Pictures excluded, output the lines of the data below between the one holding "Auf dem Bild" and the one holding "Bague en moissanite", inclusive, exactly as they stand.

* **EXERCISE DATA**
__________

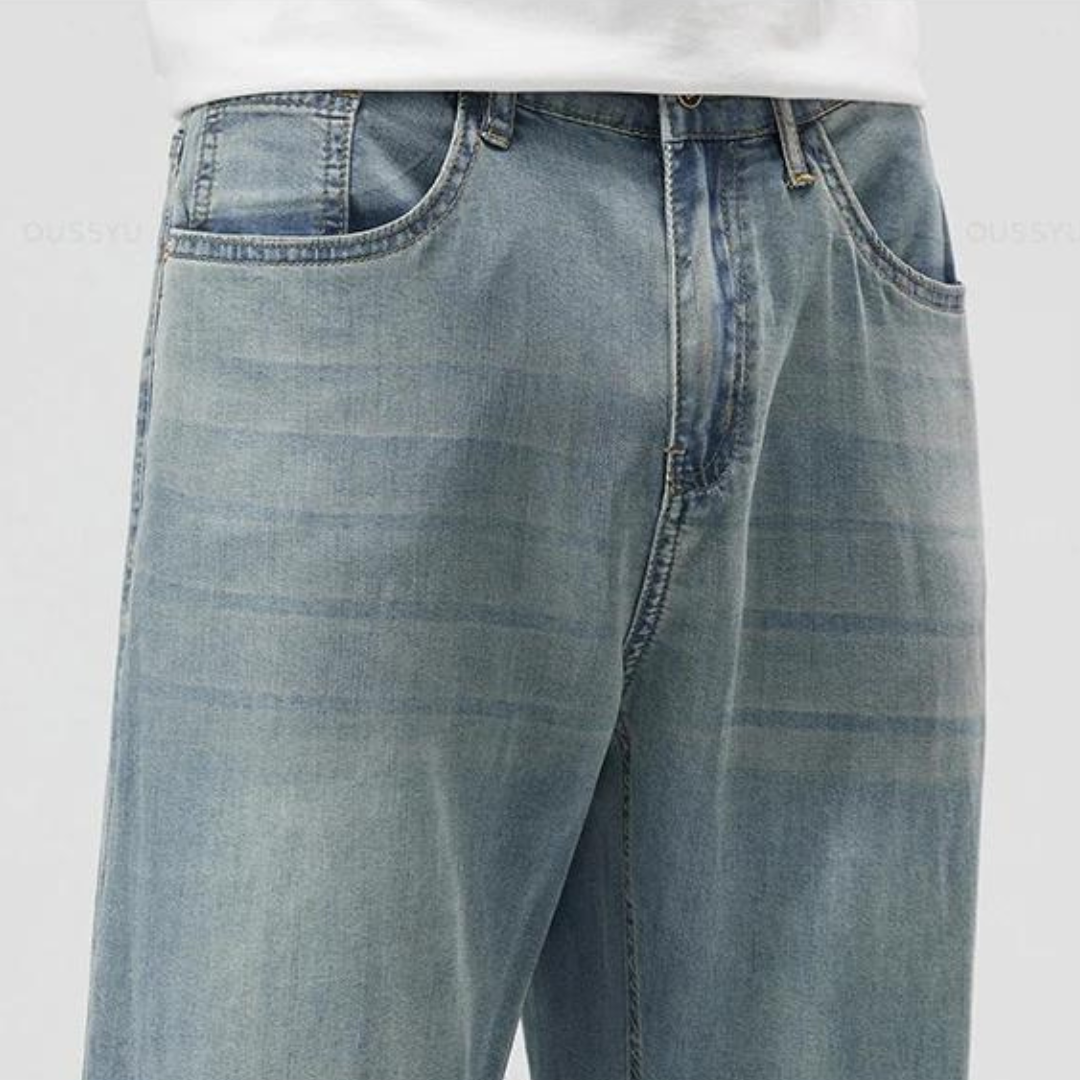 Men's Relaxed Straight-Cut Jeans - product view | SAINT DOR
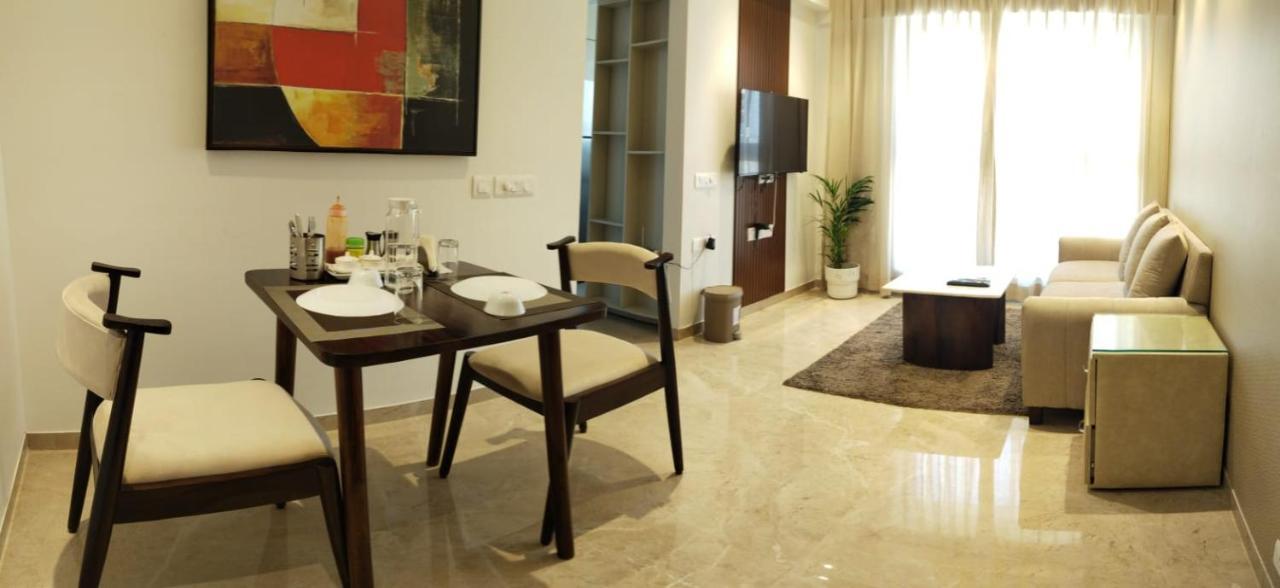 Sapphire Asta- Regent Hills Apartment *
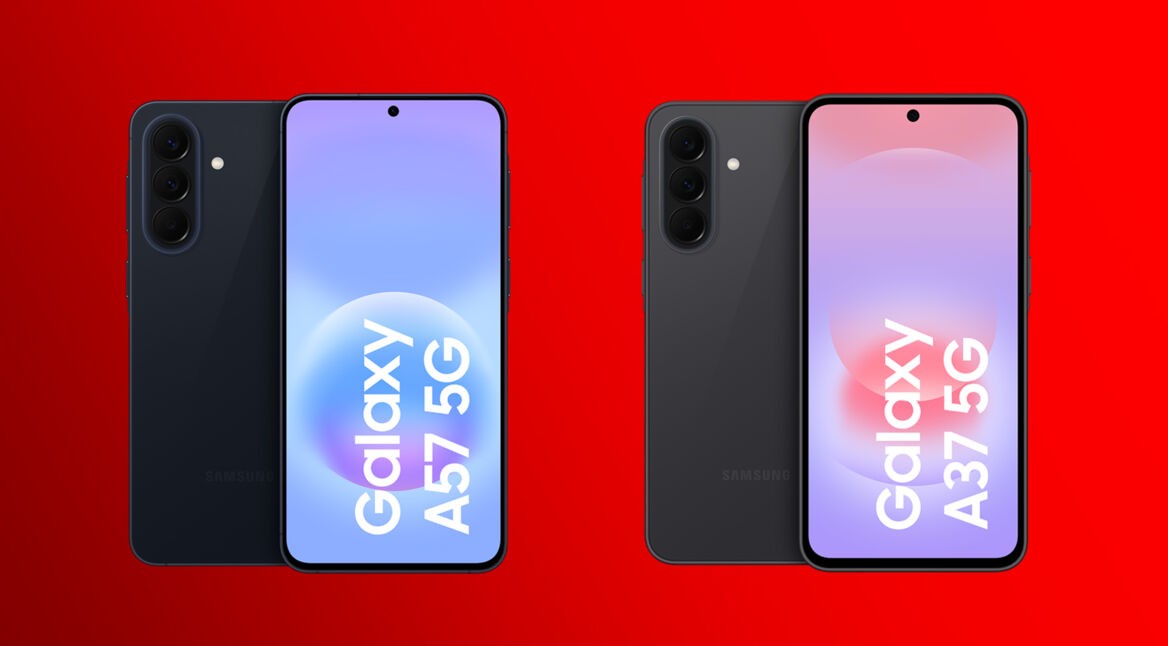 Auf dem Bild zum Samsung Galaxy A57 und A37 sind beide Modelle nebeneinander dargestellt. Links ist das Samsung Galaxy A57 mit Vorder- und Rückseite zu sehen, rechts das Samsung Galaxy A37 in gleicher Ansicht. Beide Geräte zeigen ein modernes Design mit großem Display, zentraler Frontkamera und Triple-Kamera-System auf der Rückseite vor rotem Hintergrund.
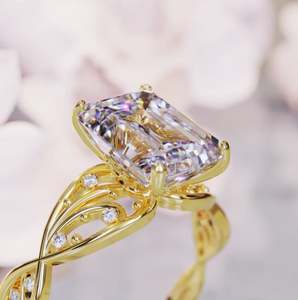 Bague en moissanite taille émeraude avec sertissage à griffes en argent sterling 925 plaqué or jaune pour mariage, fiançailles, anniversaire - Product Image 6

__________

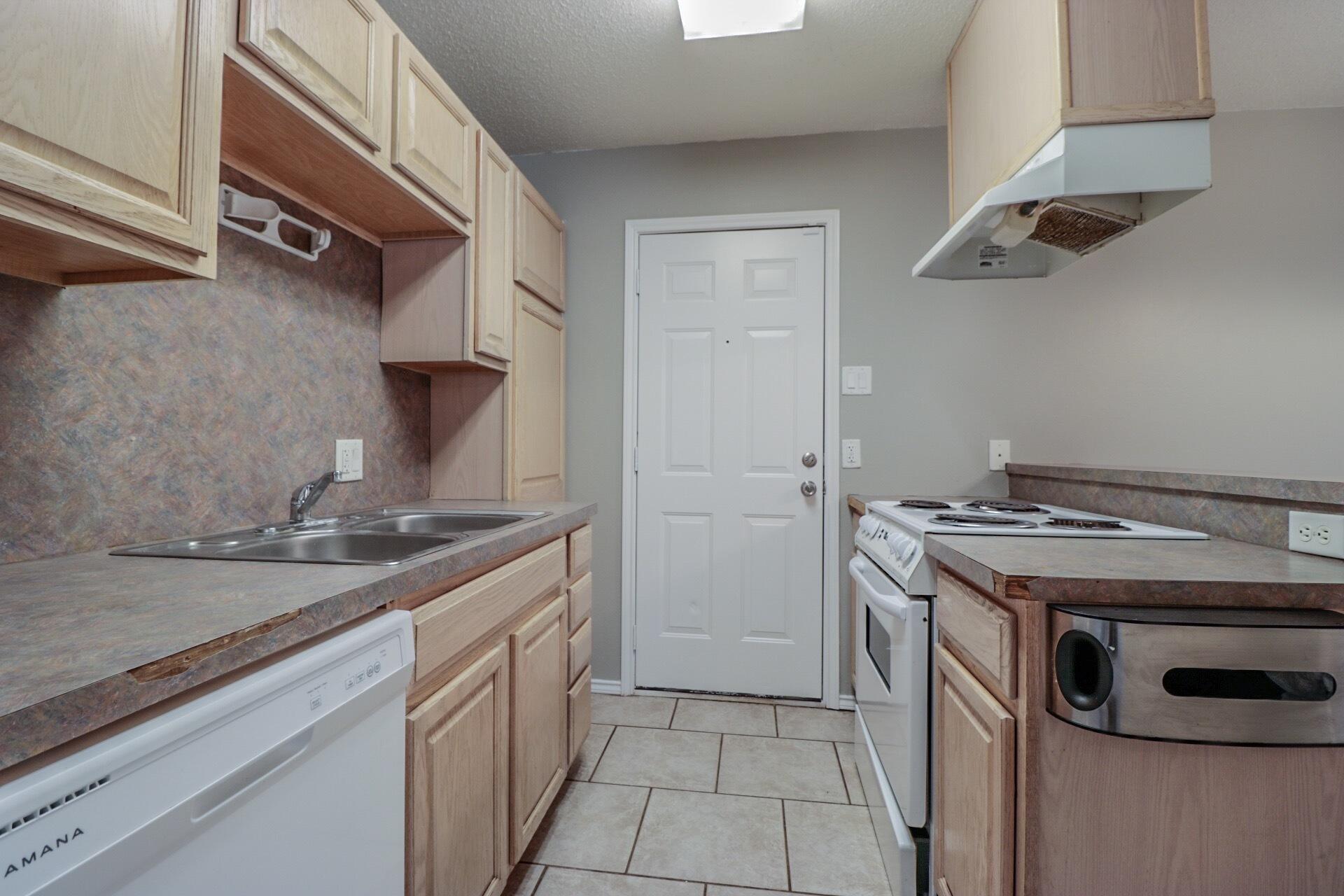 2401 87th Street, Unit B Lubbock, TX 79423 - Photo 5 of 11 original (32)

__________

* **EXPECTED ANSWER**
 Auf dem Bild zum Samsung Galaxy A57 und A37 sind beide Modelle nebeneinander dargestellt. Links ist das Samsung Galaxy A57 mit Vorder- und Rückseite zu sehen, rechts das Samsung Galaxy A37 in gleicher Ansicht. Beide Geräte zeigen ein modernes Design mit großem Display, zentraler Frontkamera und Triple-Kamera-System auf der Rückseite vor rotem Hintergrund.
 Bague en moissanite taille émeraude avec sertissage à griffes en argent sterling 925 plaqué or jaune pour mariage, fiançailles, anniversaire - Product Image 6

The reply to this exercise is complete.